There is nothing productive about "you're incapable, just give up" or "you're incapable, go deal with someone who gives people less money first and see if that gives you some capability". These are all deflections of the real problem. Why not try "We were concerned that you appeared nervous when asked how your site would handle potential copyright issues" instead of "you just can't do it"?

2 comments

>There is nothing productive about "you're incapable, just give up"

I disagree. For some people, hard as it is to take, this is exactly the right advice. Some people simply aren't cut out for what they're trying to do, and changing tack sooner rather than later is the optimal course of action. Any advice which precipitates that decision is therefore good advice, no matter how hurtful it might be to receive.

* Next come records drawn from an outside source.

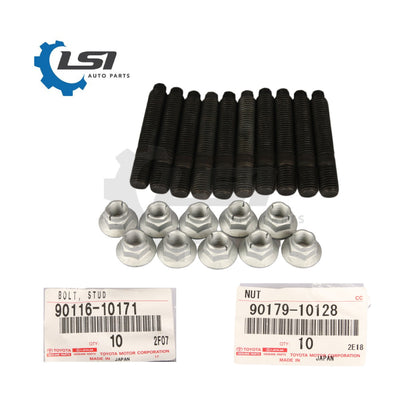 Genuine Toyota Landcruiser Hdj 100 105 4.2L 1Hdt Exhaust Manifold Stud Nut Set Bolt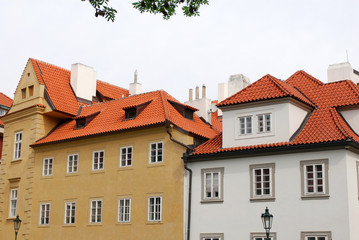 Some old fashion buildings in Prague city in the spring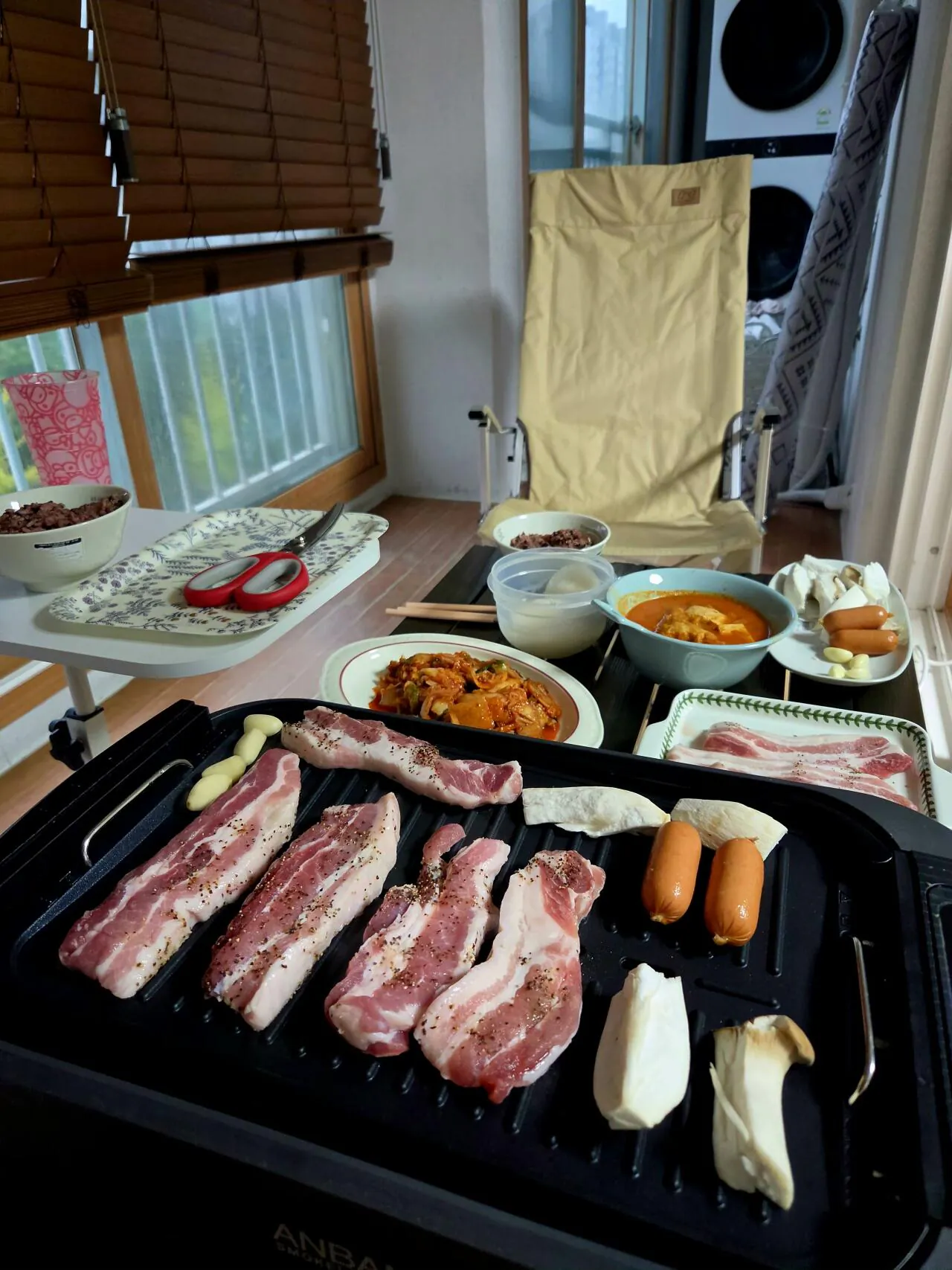 집 베란다 캠핑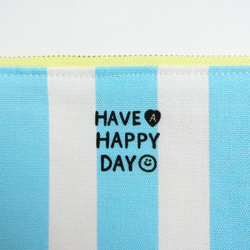 【Sky Blue】Smile Flat Pouch 第3張的照片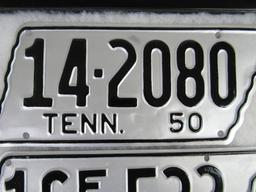 (2) Scarce 1950 Tennessee License Plates (Diecut) "State-Shape"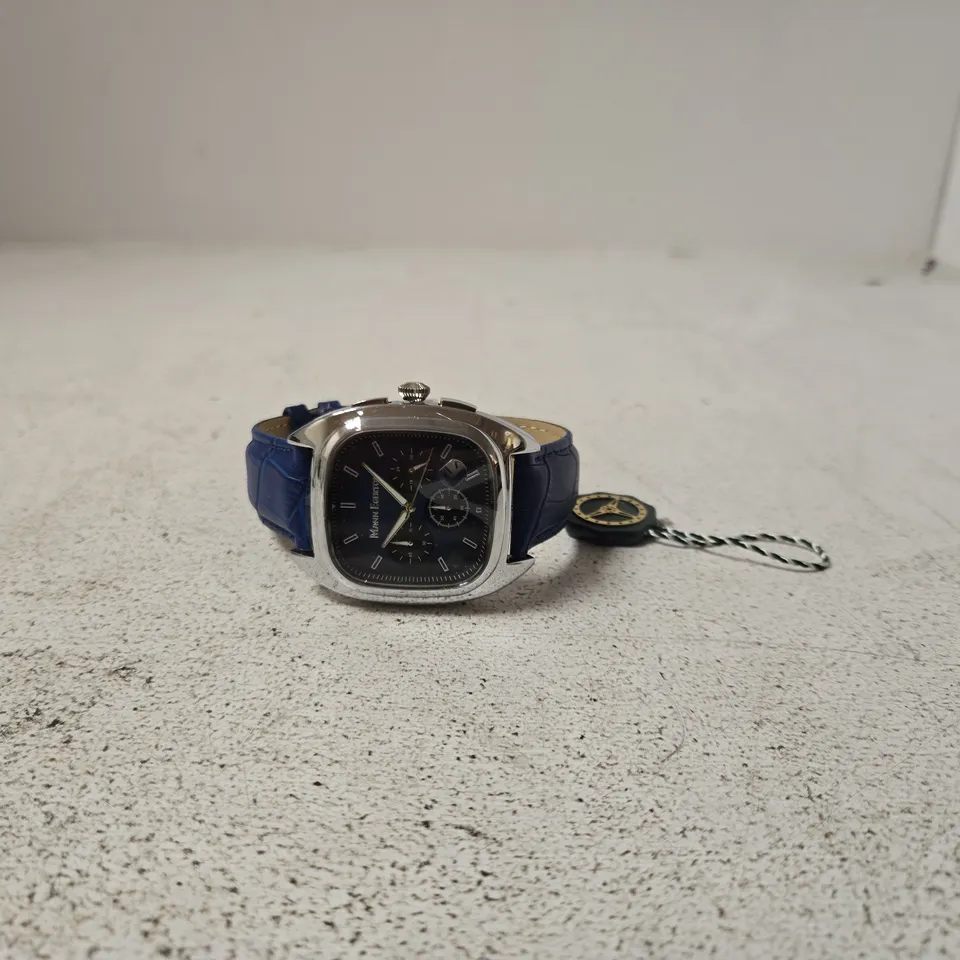 MANN EGERTON WRISTWATCH WITH BLUE LEATHER STRAP – BOXED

Some people may need to put in a lot of work at something to become competent, but I don't believe that wholesale just some people can never succeed at something as generic as entrepreneurship unless there is a physical or mental disability or some really exceptional background involved. Most normal people really can become successful entrepreneurs if they try hard enough.

As the OP said, just saying, "You'll never make it, just give up" is very unlikely to yield positive results. So even if you think the founder really will never make it, why is that an important criticism to share? They may surprise you if you actually provide helpful criticism on action points where real progress can occur. "Stop being you" is, of course, not actionable.

If you actually are capable, and someone says otherwise, you will ignore them.